There’s the crime comedy “Mortdecai” that Lionsgate is talking up as “franchisable.” There’s “Into the Woods,” a movie musical that’s being positioned as an Oscar contender. There’s “Black Mass,” a gangland drama (and another potential awards-season vehicle) to star Depp as the notorious Whitey Bulger. And then there are “Through the Looking Glass,” a planned sequel to Depp’s “Alice in Wonderland,” and a potential fifth entry in the billion-dollar “Pirates of the Caribbean” franchise, “Dead Men Tell No Tales.”

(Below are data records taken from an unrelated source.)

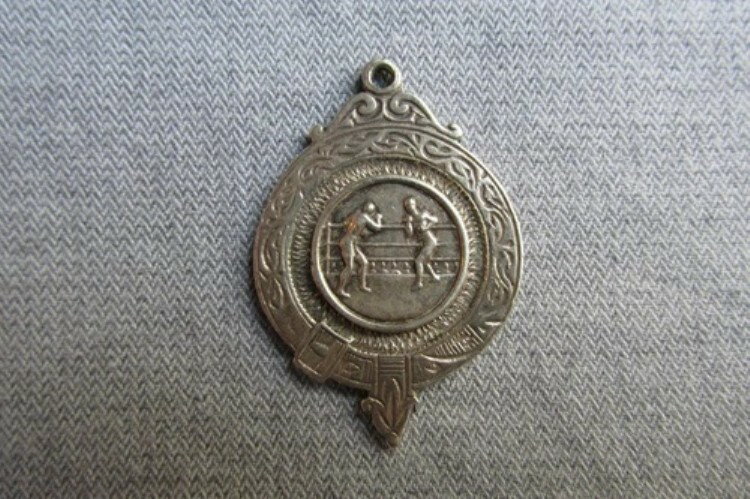 WORLD RESOURCEKINGŹۤ㤨֥ɶ -- ܥ -- ᥤ衼ǯ긢 -- Х󥿥 -- 1935פβǤʤ61,600ߤˤʤޤ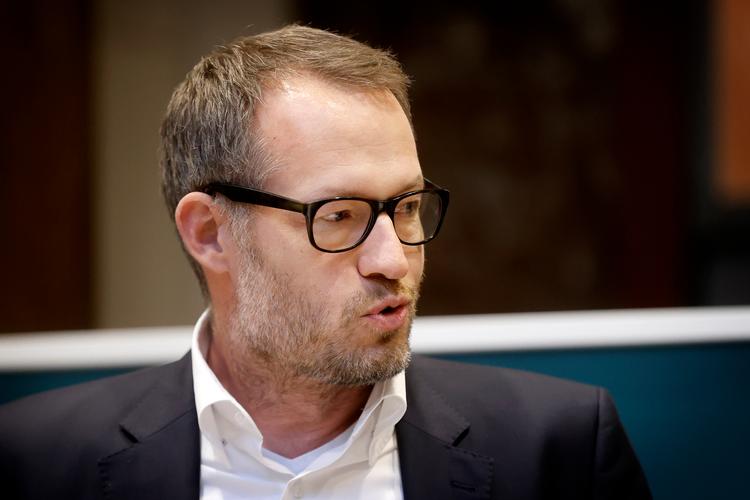 Morten Bæk blev hjemsendt fra sin stilling som departementschef i Forsvarsministeriet i kølvandet på Elbit-sagen. Nu har han nyt job til samme løn som 'kommitteret' i Finansministeriet. Foto: Jens Dresling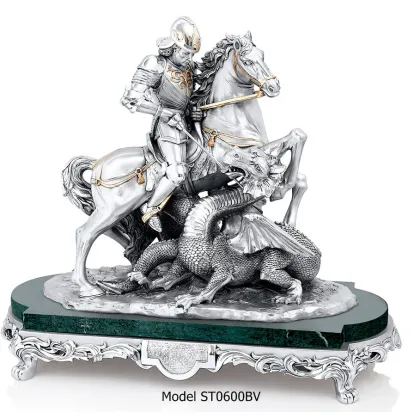 Zdjęcie Statuetka św. Jerzego - prezent na biurko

"I honestly don’t don’t think how ‘Transcendence’ will do will matter at all," Jim Amos, a former studio executive-turned-publisher of Box Office Insider, said of Depp. "He’s got a brand people love."

Up until the last decade of his 30-year screen career, when the “Pirates of the Caribbean” movies dovetailed with his two Tim Burton-directed family hits, “Alice in Wonderland” and “Charlie and the Chocolate Factory,” the Depp brand was not necessarily about delivering mega-blockbusters.

"The ‘Pirates’ movies are the ‘Pirates’ movies, and I think we need to temper expectations about what Johnny Depp movies that don’t start with ‘Pirates’ [in their titles] are going to do," Amos said.

If “Transcendence” has anything going for it, it’s that expectations have been nothing if not tempered.